He reacts just as I’d hoped, with a groan of filthy awe. I
love when he gets riled up. Anything that strips away his perfect control and
lets me glimpse the helpless side of his sexuality.

“And you’re the only man I’ve ever touched. Or tasted.”

“Yes.”

He releases my waist, tucking my wild, damp hair behind my
ears before scooting us down the bed a few inches so he can brace his palms
behind him and join the motions. He meets every roll of my hips with a short
thrust, his mastery as hot as the friction.

With each push he moans, the faintest sigh to start, soon
loud and deep and shameless. I peek between us to watch his clenching chest and
abdomen and admire the sheen of summer sweat on his skin. He’s so beautiful. I
still objectify him sometimes. Often. But my awe runs deeper than his face and
physique now. It worships his tender heart and his unusual mind. I love him
this way, so in control and at home in the sex, but I love him just as well
when he falls apart. More so, maybe, to know he wants me. And trusts me. That
maybe I excite him as much as he does me.

Need claims my body like a possession. The need to feel him
close, to own him. I rest my forearm on his shoulder and clutch his hair, so
tight it must border on pain. Whatever he feels, it spurs his hips.

“Are you going to come on my cock?”

“Yes. But I’m not in any hurry.” I run my hands down his
back and drag my nails back up. He moans against my throat. I rub his skin,
cradle his head, clutch his hair. I can’t hold him tight enough, can’t possess
him fully enough.

“I thought I might never find this,” I whisper, stroking his
shoulders, his arms, his sides.

He shifts between my legs, letting me feel his excitement. I
want him so badly it hurts. Inside me, above me, his voice in my ears and his
mouth on my skin.

“Neither did I. I didn’t know what I was even missing.” He
ravishes my throat and shoulder, hot breaths flaring between nips and kisses.
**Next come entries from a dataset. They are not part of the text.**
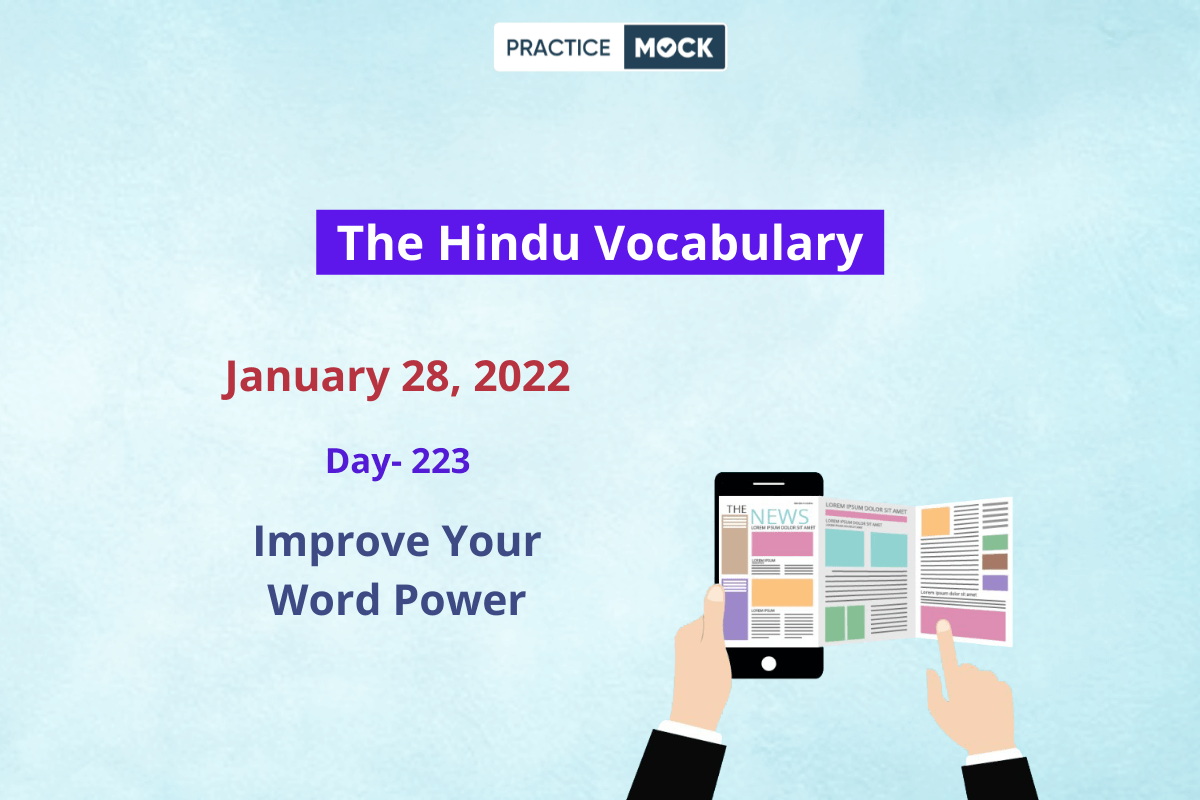 The Hindu Editorial Vocabulary– Jan 28, 2022; Day 223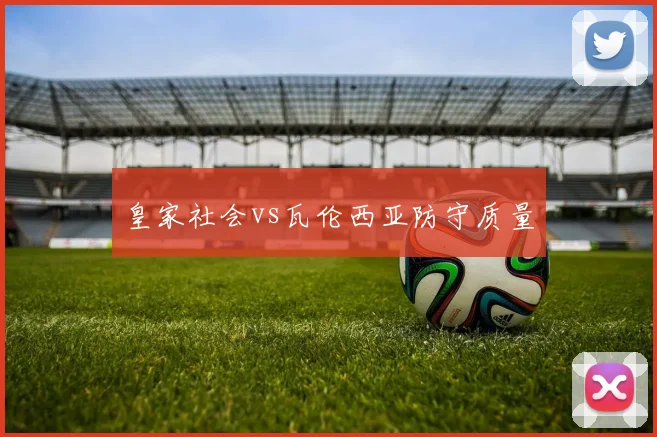 皇家社会vs瓦伦西亚防守质量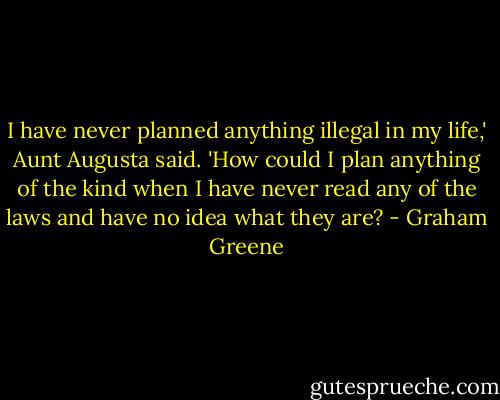 I have never planned anything illegal in my life,' Aunt Augusta said. 'How could I plan anything of the kind when I have never read any of the laws and have no idea what they are? - Graham Greene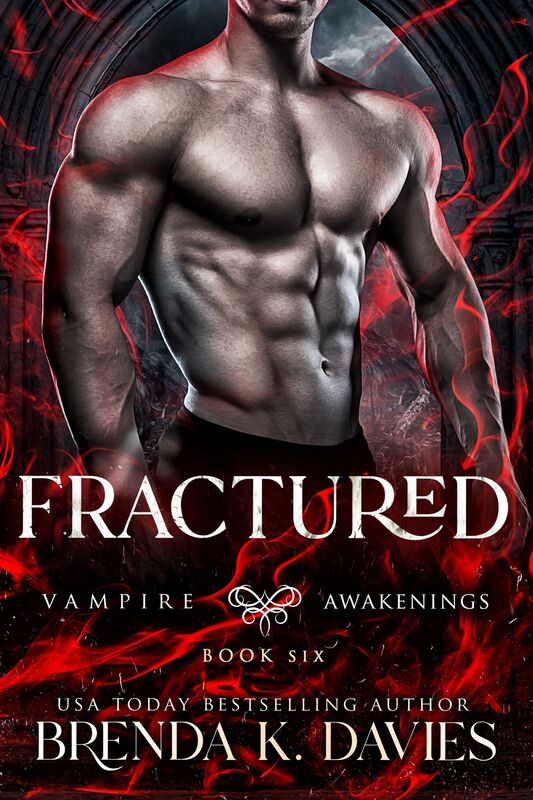 Fractured (Vampire Awakenings, Book 6)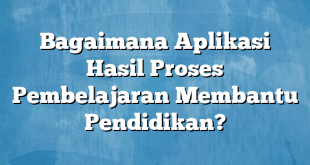 Bagaimana Aplikasi Hasil Proses Pembelajaran Membantu Pendidikan?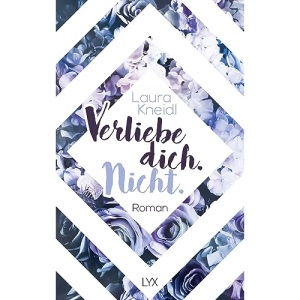 Verliebe dich. Nicht.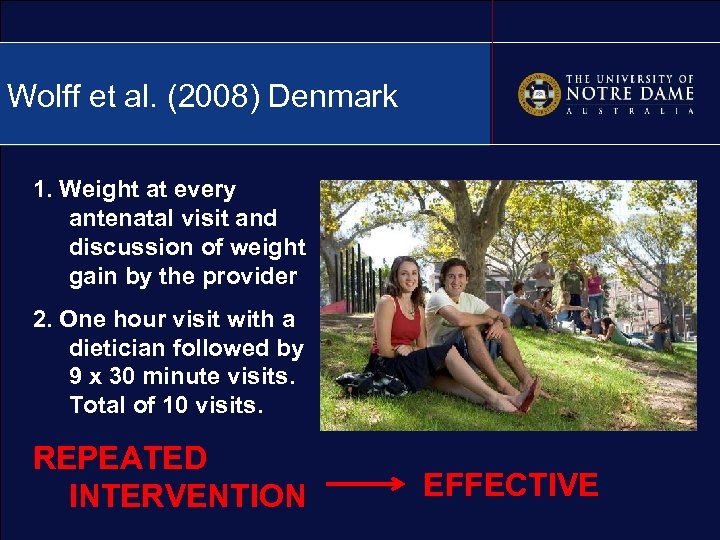 Wolff et al. (2008) Denmark 1. Weight at every antenatal visit and discussion of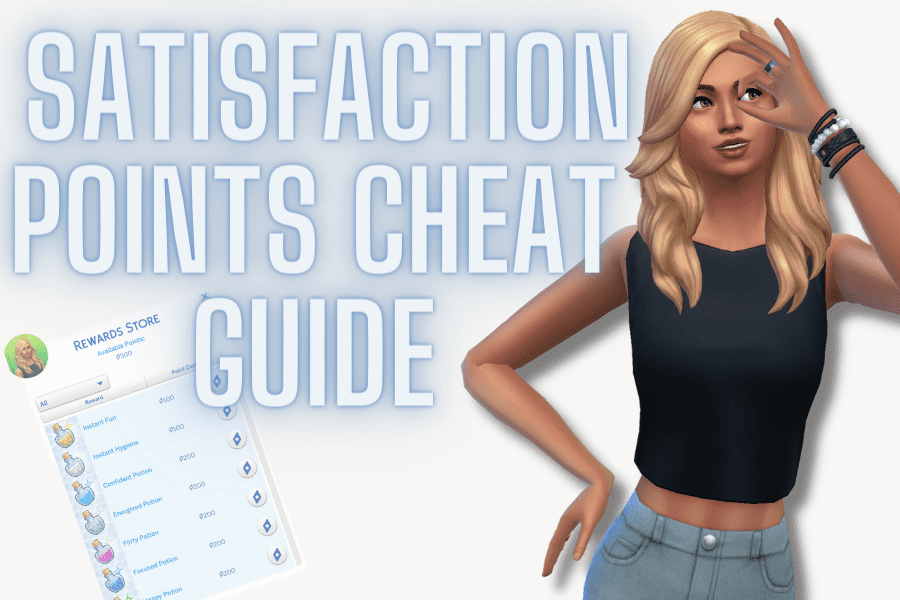 SIMS 4 SATISFACTION POINTS CHEAT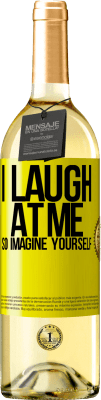 29,95 € Free Shipping | White Wine WHITE Edition I laugh at me, so imagine yourself Yellow Label. Customizable label Young wine Harvest 2024 Verdejo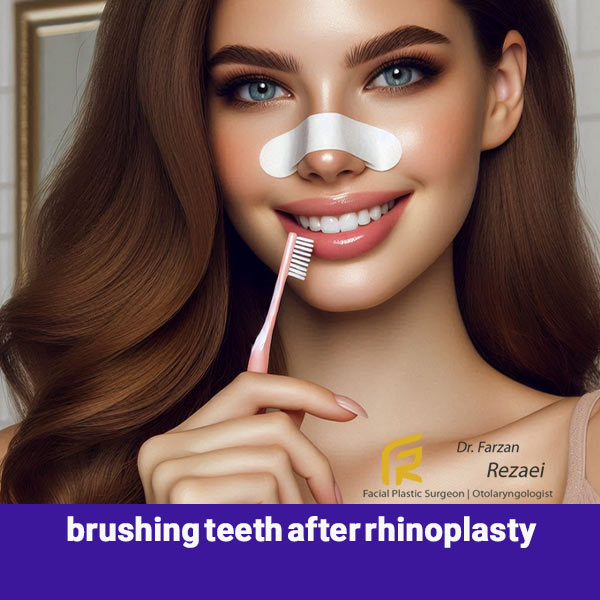brushing teeth after rhinoplasty - Dr. Farzan Rezaee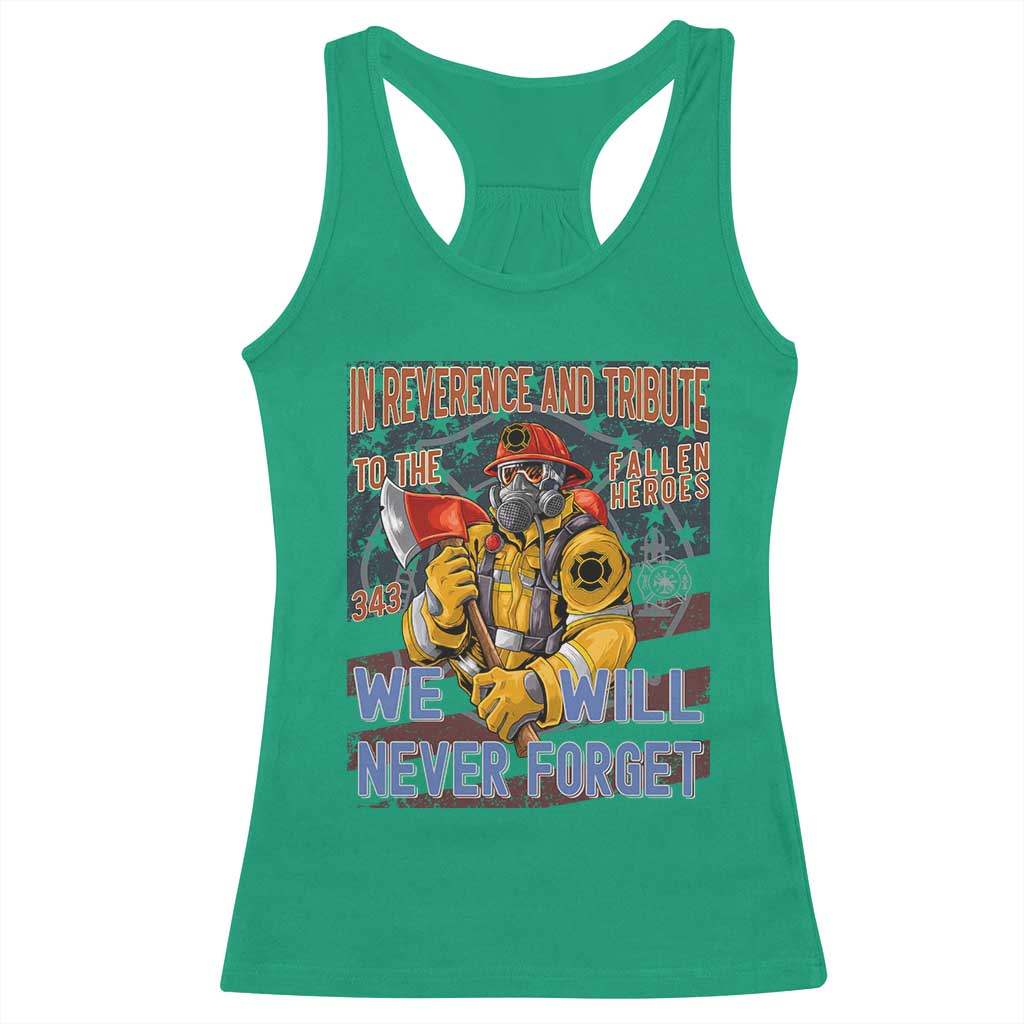 Firefighter Memorial In Reverence And Tribute Fallen Heroes 343 Racerback Tank Top We Will Never Forget Honor 9 11 TS02 Irish Green Print Your Wear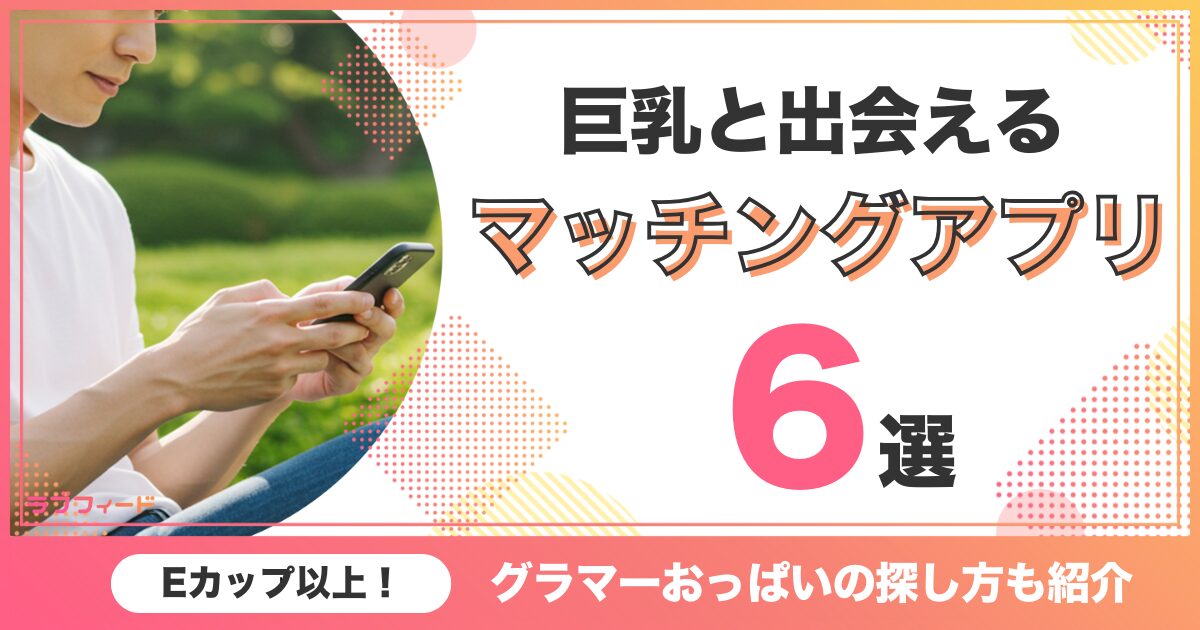 巨乳と出会えるマッチングアプリ6選！Eカップ以上のグラマーおっぱいの探し方も紹介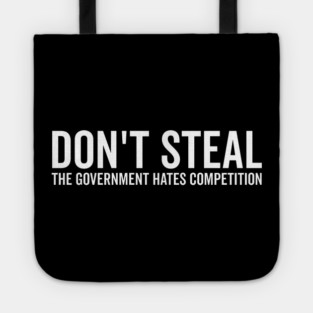 Don’t Steal The Government Hates Competition Tote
There’s one request I want to make, one trick I know he must
be capable of. “I want to come when you do.”

“Then you will.”

“I’ll tell you when I’m close.”

He leans back to smile at me. “I’ll know.”

Of course he will. He can read me like a map. Which is
funny, as he’s useless with direction. But whatever compass he lacks in the
outside world, his prowess here says my body’s a landscape he’s memorized, down
to the last blade of grass and wrinkle of tree bark.

I say, “I want you on top.”

He holds me tight to his waist with a strong arm, never
breaking our bond as he turns me onto my back and plants his knees between mine.
I hug my legs to his sides, eager for him to lead, thrilled to be cast in his
shadow. I stroke his back as his hips begin to pump.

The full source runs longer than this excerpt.